The voice on the other end proposed tha
Posted: Wed Jul 09, 2025 6:35 am
t we meet in their club, in the basement of Paris Gare de l’Est. We passed through a glass door marked “No Access” to discover a cavern of rooms filled with vintage railway posters, books, and the biggest working model train set I’ve ever seen. Our informants—a pair of retired French railway employees—were waiting.
We explained what we were looking for, and what SNCF had told us. A glint appeared in the two gentlemen’s eyes. The elder of the pair leaned forward. “They think they destroyed the archives,” he said. “We took ‘em home. We’ve got ‘em.”
Resources
Play The Last Express, preserved at Internet Archive and phone number list emulated in the browser.
Play Prince of Persia, preserved at Internet Archive and emulated in the browser.
Learn more about Mechner and his body of work at https://www.jordanmechner.com/
If you’ve played The Last Express, you know that they came through for us. Our Smoking Car Productions team in San Francisco was able to spend the next four years creating a faithful interactive 3D recreation of the historic luxury train, thanks to two trainmen in Paris who’d preserved a part of their company’s legacy that management didn’t consider worth saving.

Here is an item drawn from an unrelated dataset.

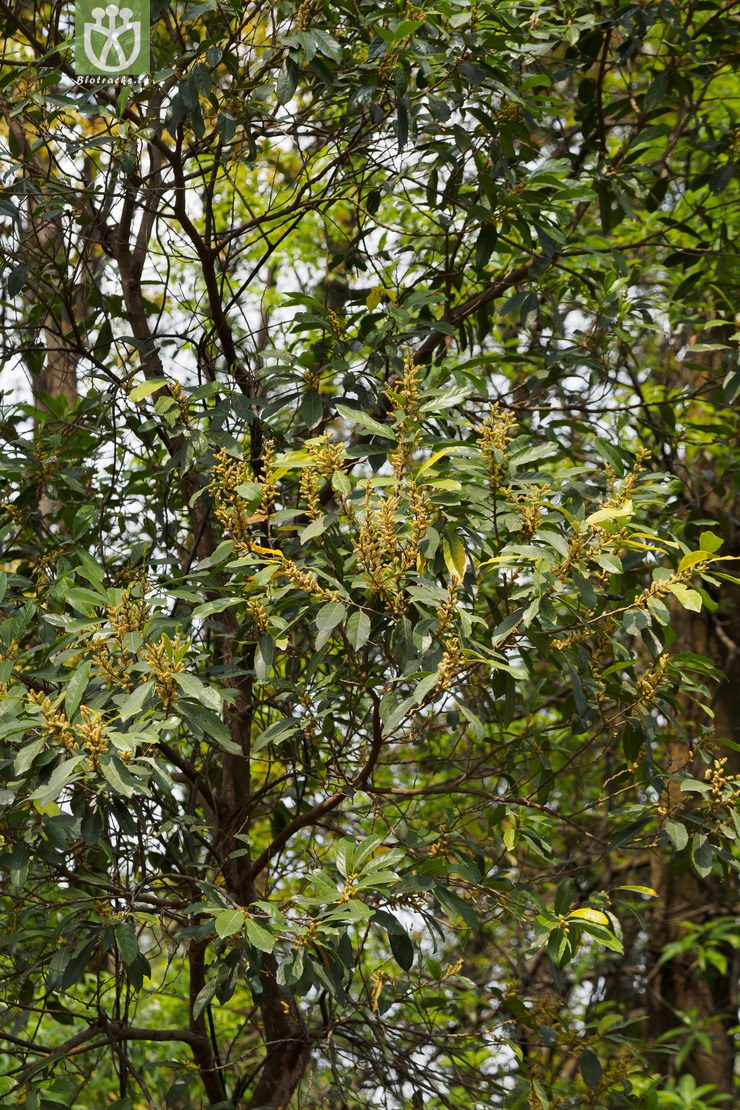 银柴 aporosa dioica-90132.jpg 相邻时间拍摄的照片      张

Thirty years later, The Last Express has in its turn become a relic. The cutting-edge 1990s technology we used to model and render the train is now antiquated, like 1890s steam engines. Today, retro-computing enthusiasts, academics, online libraries and archives volunteer their resources to curate and preserve games like The Last Express, and the documents and artifacts that contain the behind-the-scenes stories of how they were made.
Sadly (but unsurprisingly), it’s rare for game development studios and media companies who own the underlying materials to prioritize preservation of their legacies any more than the SNCF did in the 1970s. Old server backups are routinely deleted. Internal information about a title’s development is often unfindable a decade later even if management asks for it.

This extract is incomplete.